Eric moved from Gunnison to live with his girlfriend Morgan Tilton in CB just before COVID hit and CBMR closed down the resort. His photography for Travel CB resumed in the summer of 2020. “I eventually left Travel CB to pursue my own photography business, Phillips Photo, in the spring of 2021. I had absolutely no clients and decided to go freelance.” He began shooting properties for real estate agency LIV Sotheby’s, and for other various clients throughout the valley. “It’s definitely been a grind for these past three years but I do make enough to survive and still live in CB. I have a bunch of local clients that I do various photo and video work for.” 

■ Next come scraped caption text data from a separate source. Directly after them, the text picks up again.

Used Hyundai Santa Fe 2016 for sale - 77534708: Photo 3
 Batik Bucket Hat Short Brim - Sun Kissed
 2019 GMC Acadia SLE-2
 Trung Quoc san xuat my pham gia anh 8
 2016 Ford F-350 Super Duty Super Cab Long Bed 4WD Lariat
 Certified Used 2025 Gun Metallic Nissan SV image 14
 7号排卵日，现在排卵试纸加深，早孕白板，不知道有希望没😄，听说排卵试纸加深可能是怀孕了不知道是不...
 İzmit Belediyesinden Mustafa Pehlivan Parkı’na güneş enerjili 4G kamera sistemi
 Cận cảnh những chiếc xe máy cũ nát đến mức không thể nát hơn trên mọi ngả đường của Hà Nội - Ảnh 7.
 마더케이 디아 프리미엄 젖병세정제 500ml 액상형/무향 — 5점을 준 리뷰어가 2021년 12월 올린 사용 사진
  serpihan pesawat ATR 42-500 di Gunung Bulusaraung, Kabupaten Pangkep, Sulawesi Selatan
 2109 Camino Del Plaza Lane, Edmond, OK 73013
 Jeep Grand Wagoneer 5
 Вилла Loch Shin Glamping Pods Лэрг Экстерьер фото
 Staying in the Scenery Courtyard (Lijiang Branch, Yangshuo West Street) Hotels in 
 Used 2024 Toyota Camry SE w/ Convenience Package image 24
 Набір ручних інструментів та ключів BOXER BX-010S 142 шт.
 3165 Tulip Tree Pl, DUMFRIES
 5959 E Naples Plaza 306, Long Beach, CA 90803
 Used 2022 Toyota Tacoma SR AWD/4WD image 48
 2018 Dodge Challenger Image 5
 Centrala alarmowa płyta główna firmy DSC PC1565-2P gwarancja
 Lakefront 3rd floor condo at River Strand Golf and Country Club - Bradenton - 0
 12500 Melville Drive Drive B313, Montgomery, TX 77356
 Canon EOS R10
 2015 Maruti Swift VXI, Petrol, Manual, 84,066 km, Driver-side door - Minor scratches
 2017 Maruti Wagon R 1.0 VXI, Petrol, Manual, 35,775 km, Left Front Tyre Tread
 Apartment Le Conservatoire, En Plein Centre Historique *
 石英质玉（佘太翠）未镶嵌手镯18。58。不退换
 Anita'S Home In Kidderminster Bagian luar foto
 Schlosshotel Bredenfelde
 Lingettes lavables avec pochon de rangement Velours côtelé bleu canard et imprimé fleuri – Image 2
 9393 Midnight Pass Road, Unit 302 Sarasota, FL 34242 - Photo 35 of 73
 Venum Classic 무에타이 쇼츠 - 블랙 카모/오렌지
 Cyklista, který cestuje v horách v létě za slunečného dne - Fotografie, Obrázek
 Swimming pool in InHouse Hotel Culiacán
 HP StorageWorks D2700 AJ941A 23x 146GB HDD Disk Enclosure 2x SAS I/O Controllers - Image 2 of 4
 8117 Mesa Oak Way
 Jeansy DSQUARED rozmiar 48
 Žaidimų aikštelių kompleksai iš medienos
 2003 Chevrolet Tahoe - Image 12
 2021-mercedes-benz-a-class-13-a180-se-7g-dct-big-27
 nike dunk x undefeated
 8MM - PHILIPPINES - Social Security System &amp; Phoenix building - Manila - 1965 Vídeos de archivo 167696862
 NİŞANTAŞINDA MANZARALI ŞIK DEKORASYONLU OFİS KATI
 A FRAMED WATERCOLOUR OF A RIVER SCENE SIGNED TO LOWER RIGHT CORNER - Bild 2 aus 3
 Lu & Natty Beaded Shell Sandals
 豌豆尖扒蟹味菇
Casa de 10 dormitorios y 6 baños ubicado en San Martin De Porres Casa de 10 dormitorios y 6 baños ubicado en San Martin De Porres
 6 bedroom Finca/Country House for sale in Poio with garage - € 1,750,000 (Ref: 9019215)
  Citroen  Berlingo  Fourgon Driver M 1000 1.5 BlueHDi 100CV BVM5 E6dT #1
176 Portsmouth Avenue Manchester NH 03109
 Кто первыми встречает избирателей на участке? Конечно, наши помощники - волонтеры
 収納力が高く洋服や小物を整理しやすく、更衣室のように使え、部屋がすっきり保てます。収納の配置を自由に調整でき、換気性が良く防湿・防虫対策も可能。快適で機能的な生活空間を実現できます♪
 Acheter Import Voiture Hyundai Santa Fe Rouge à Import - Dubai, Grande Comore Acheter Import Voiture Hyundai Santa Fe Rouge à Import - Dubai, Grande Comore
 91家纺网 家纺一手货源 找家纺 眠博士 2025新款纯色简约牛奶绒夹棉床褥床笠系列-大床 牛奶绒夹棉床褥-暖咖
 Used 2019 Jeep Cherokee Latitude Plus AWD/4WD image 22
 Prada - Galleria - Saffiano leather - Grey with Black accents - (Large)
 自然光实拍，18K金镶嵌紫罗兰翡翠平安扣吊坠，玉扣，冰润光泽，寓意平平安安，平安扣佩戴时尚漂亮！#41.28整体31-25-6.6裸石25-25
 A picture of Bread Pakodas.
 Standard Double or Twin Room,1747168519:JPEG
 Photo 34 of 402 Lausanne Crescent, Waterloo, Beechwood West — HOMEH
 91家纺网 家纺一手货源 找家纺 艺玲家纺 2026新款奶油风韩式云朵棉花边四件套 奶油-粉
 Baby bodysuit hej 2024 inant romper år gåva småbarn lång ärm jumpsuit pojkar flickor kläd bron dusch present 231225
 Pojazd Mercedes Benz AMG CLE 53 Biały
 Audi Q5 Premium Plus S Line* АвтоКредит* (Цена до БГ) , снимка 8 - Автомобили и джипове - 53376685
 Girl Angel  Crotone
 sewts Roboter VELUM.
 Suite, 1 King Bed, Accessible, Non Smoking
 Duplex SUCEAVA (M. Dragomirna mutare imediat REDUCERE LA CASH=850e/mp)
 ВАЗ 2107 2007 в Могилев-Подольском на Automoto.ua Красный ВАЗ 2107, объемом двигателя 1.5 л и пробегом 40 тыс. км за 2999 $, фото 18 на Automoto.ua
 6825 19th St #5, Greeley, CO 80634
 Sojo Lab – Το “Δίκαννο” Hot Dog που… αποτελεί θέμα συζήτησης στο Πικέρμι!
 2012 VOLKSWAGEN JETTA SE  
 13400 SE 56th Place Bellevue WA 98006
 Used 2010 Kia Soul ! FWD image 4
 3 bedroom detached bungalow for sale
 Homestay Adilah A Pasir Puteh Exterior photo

Eric wanted to give back to the community and decided that joining the Gunnison County Planning Commission would be a good way to contribute. The board regulates affordable housing and land use in Gunnison County. “Everyone was talking about housing issues and affordable housing within the valley and I wanted to get involved to try to make a difference.” He was appointed in December 2023 as a one-year alternate and absolutely loved it. “After that first year they asked me to reapply for the full-time three-year position.” Eric appreciates the concerns of people in the valley, “There are a lot of concerned citizens and I try to listen to everybody’s opinion.”

 As for Eric’s housing, his girlfriend was recently able to buy a condo and he hopes to continue volunteering and get more politically involved “to help shape the future of the valley.” His plans for photography are to establish a guiding service in the valley, “So I can show people how to take photos responsibly without trampling the wildflowers and without harming the environment. I have some things in the works and hopefully I can start guiding this year,” he says.